2   Counting Duplicate Notifications

    For certain applications a straight count of duplicate notifications
    will suffice.  For instance, if a stack simply wants to know (for
    some reason) the number of spuriously retransmitted segments,
    counting all duplicate notifications for retransmitted segments
    should work well.  Another application of this strategy is to
    monitor and adapt transport algorithms so that the transport is not
    sending large amounts of spurious data into the network.  For
    instance, monitoring duplicate notifications could be used by the
    Early Retransmit [AAAB03] algorithm to determine whether fast
    retransmitting [RFC2581] segments with a lower than normal duplicate
    ACK threshold is working, or if segment reordering is causing
    spurious retransmits.

    More speculatively, duplicate notification has been proposed as an
    integral part of estimating TCP's total loss rate [AEO03] for the
    purposes of mitigating the impact of corruption-based losses on
    transport protocol performance.  [EOA03] proposes altering the
    transport's congestion response to the fraction of losses that are
    actually due to congestion by requiring the network to provide the
    corruption-based loss rate and making the transport sender estimate
    the total loss rate.  Duplicate notifications are a key part of
    estimating the total loss rate accurately [AEO03].
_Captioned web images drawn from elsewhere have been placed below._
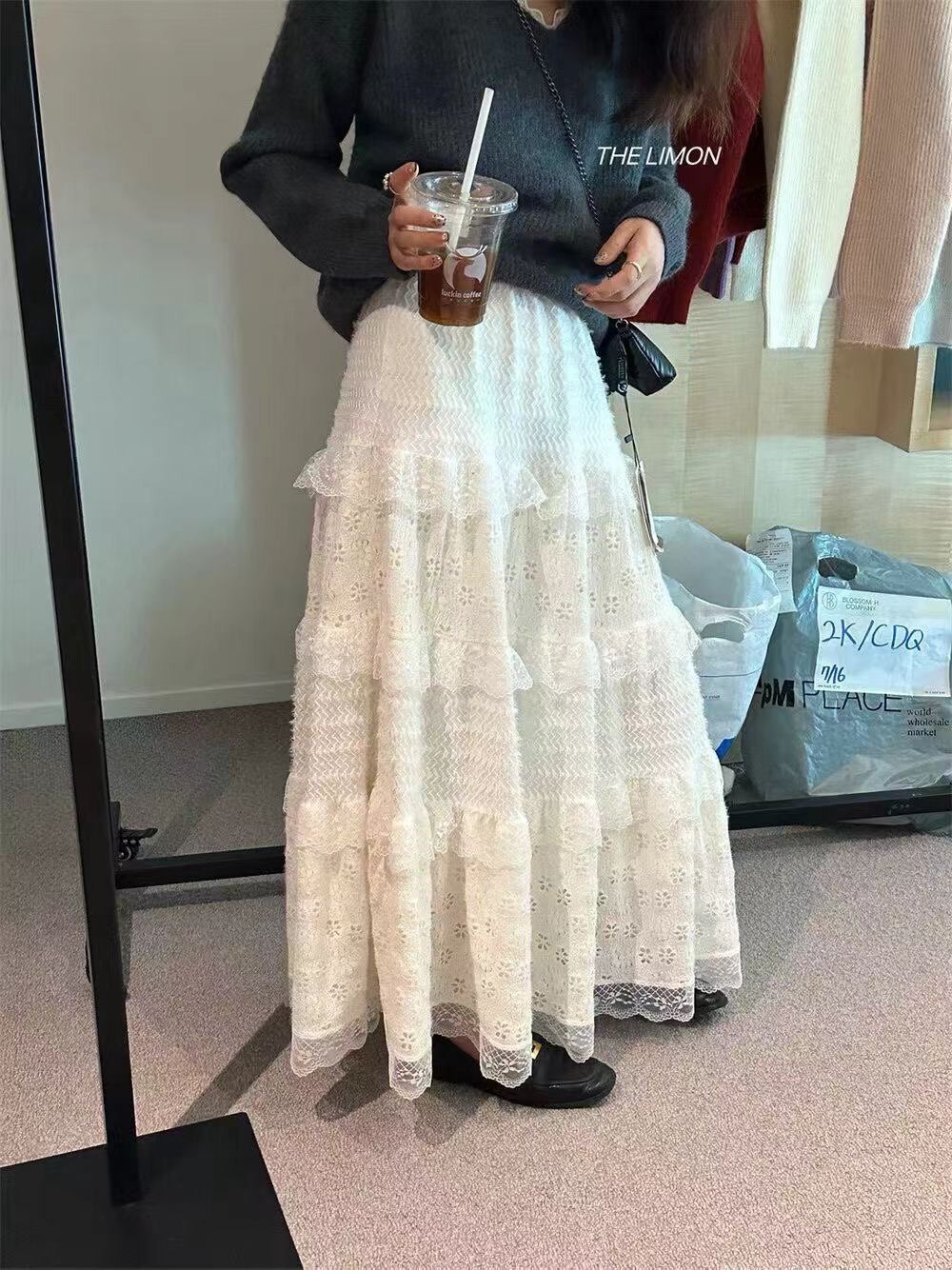 甜美风层层荷叶边半身长裙2025温柔高腰A字蕾丝拼接仙女蛋糕裙女,女装/女士精品,半身裙,淘宝优惠券,粉丝福利购,淘宝优惠卷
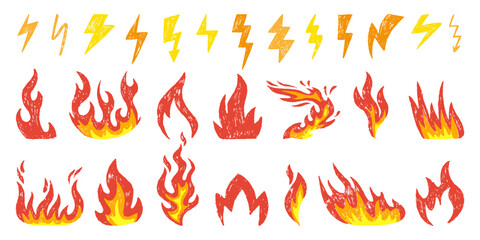 Hand drawn fire and thunder. Burning flames, lightnings icons. Crayon or colored pencil drawing elements. Hot, campfire, electricity, power neoteric vector symbols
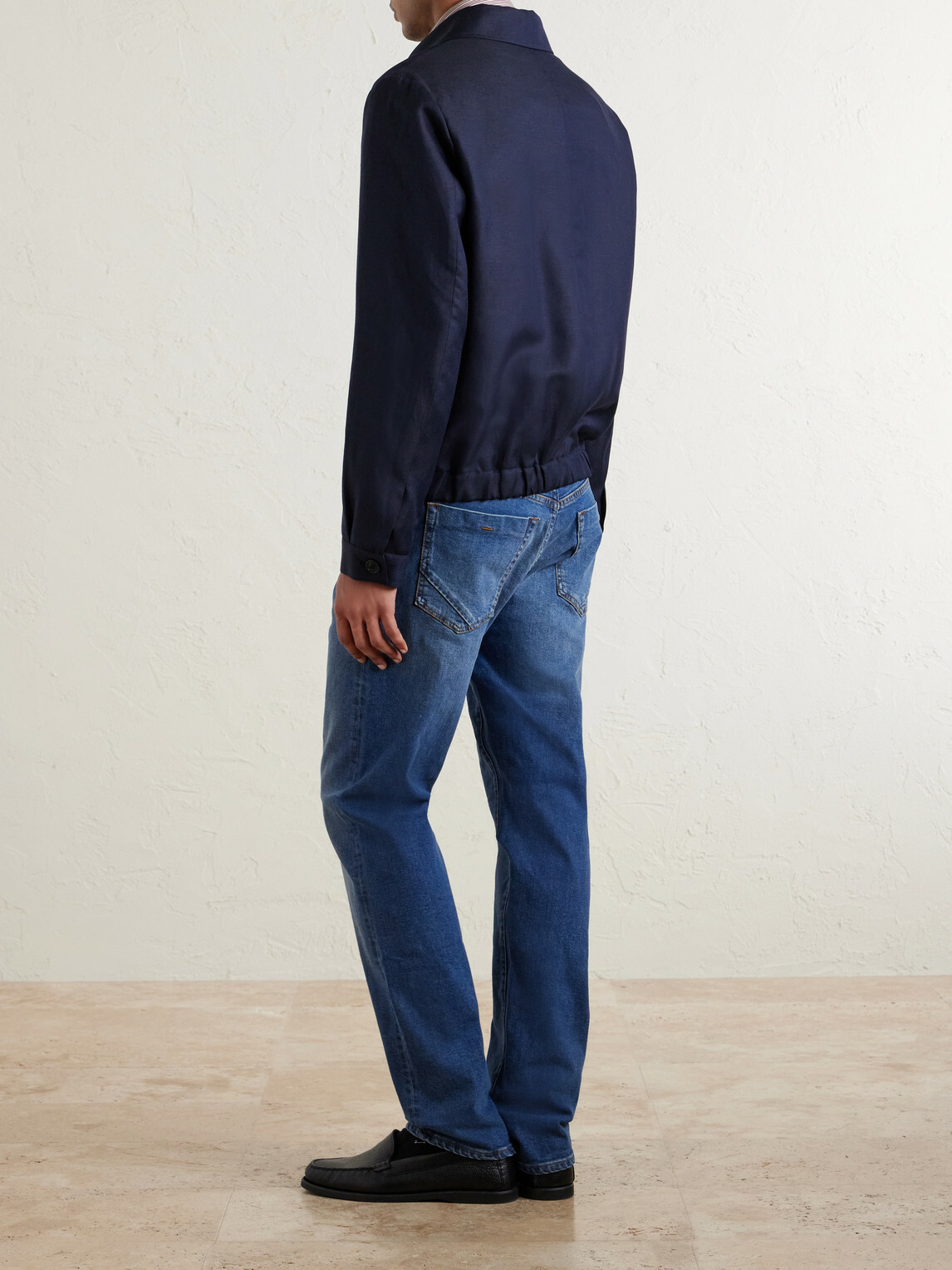 Slowear - Wool and Linen-Blend Bomber - Blue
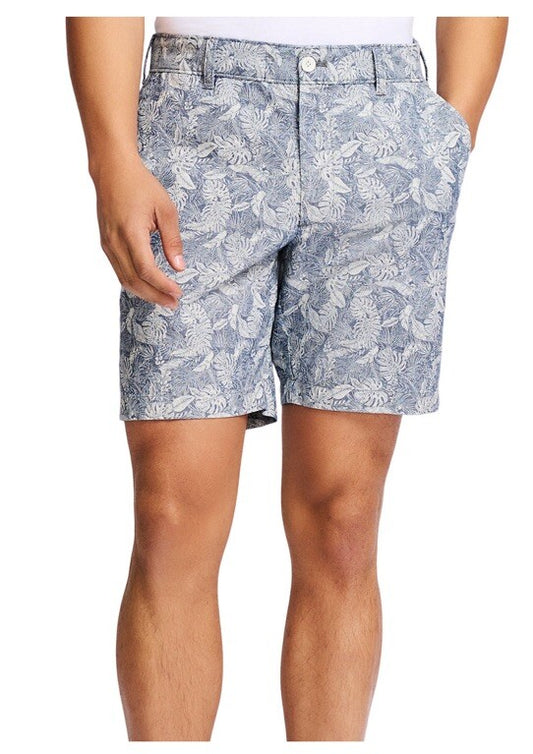 $50 Izod Men’s Classic Fit Printed 8” Shorts - Colony Blue - 32W - New Tags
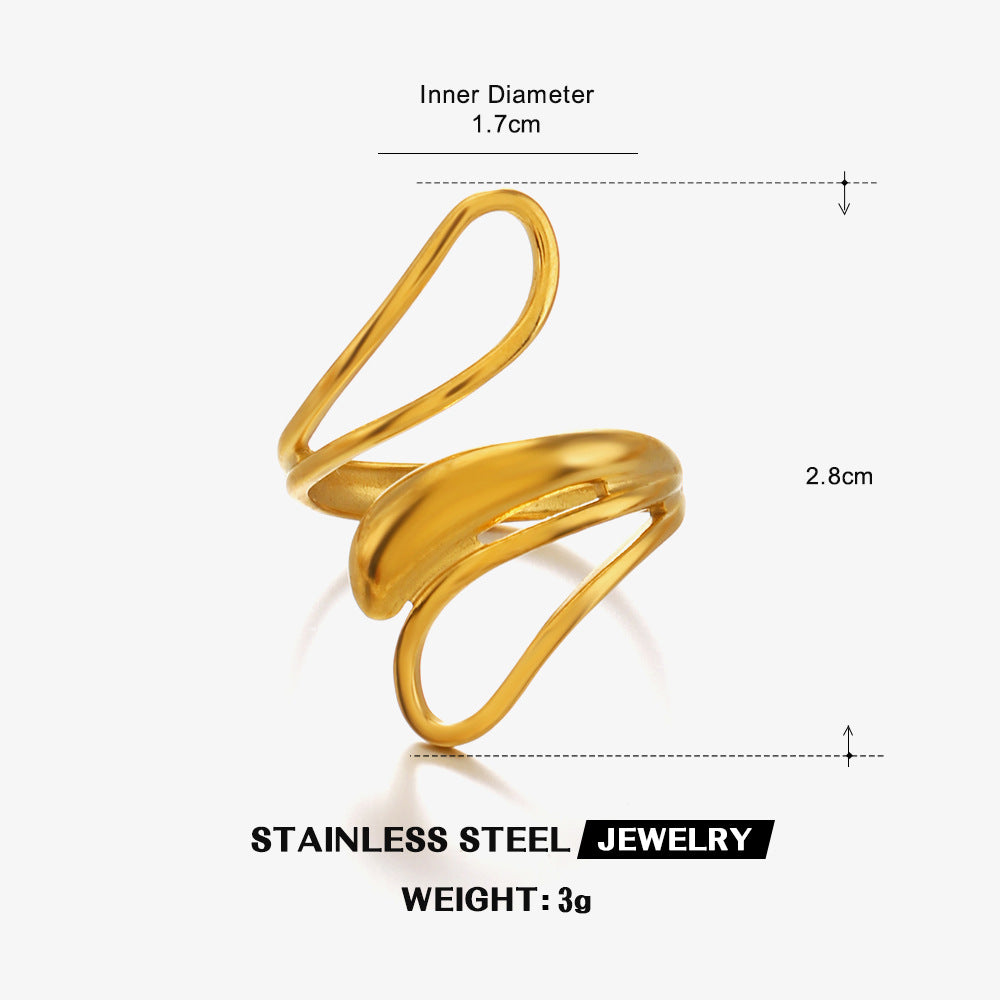 Wholesale Stainless Steel Electroplated Hip Hop Open Ring Fashion Accessory Gift for Women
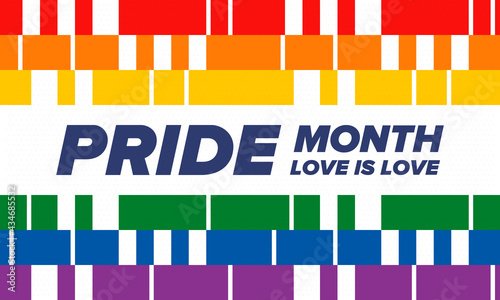 LGBTQIA Pride Month in June. Lesbian Gay Bisexual Transgender. Celebrated annual. LGBT flag. Rainbow love concept. Human rights and tolerance. Poster, card, banner and background. Vector illustration
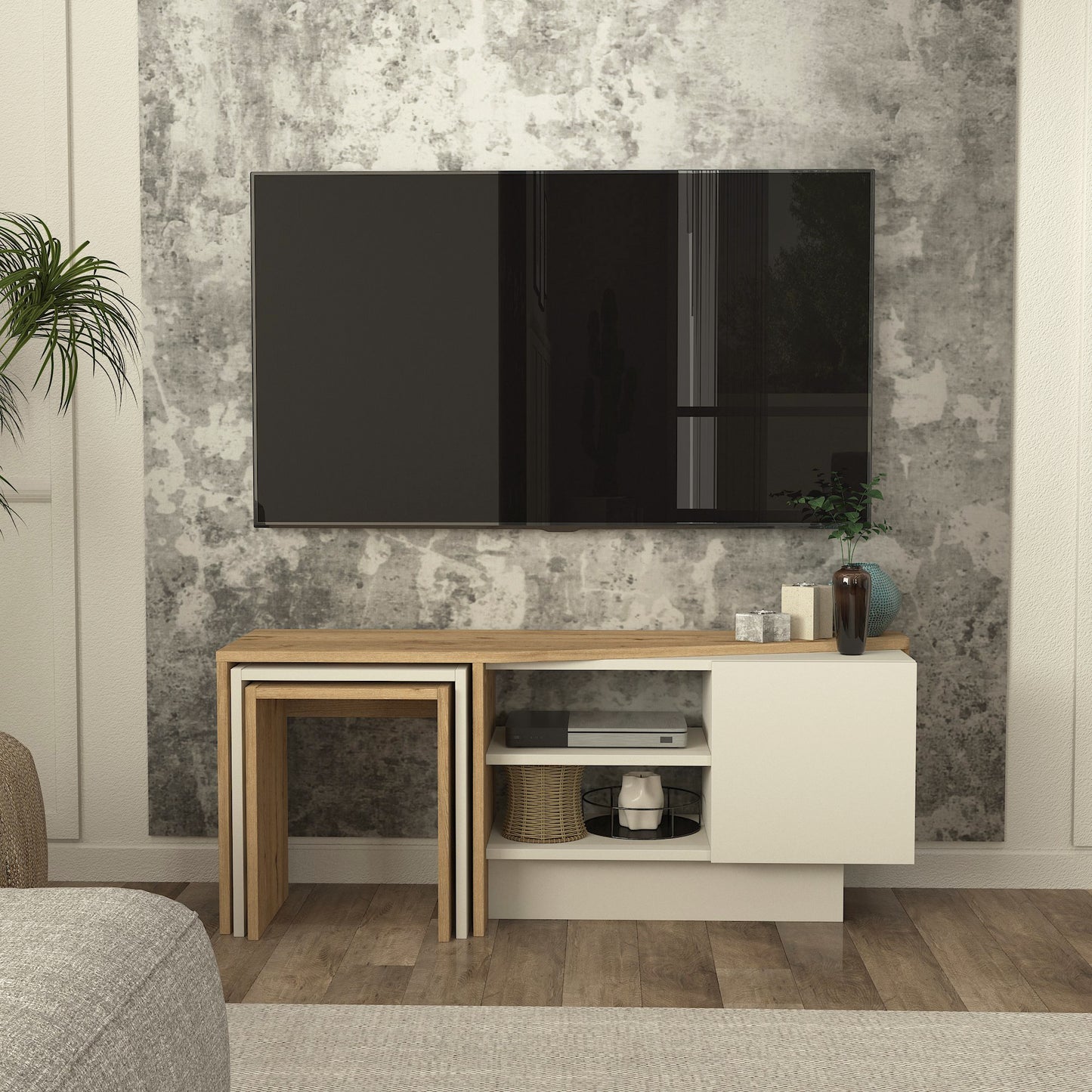 Rodega TV Stand with Nesting Tables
3   Congestion/Duplicate Disambiguation Algorithm

    When the purpose of detecting spurious retransmissions is to
    ``undo'' unnecessary changes made to the congestion control state,
    as suggested in [RFC2883], the data sender ideally needs to
    determine:

    (a) That spurious retransmissions in a particular window of data do
        not mask real segment loss (congestion).


Expires: April 2004                                             [Page 2]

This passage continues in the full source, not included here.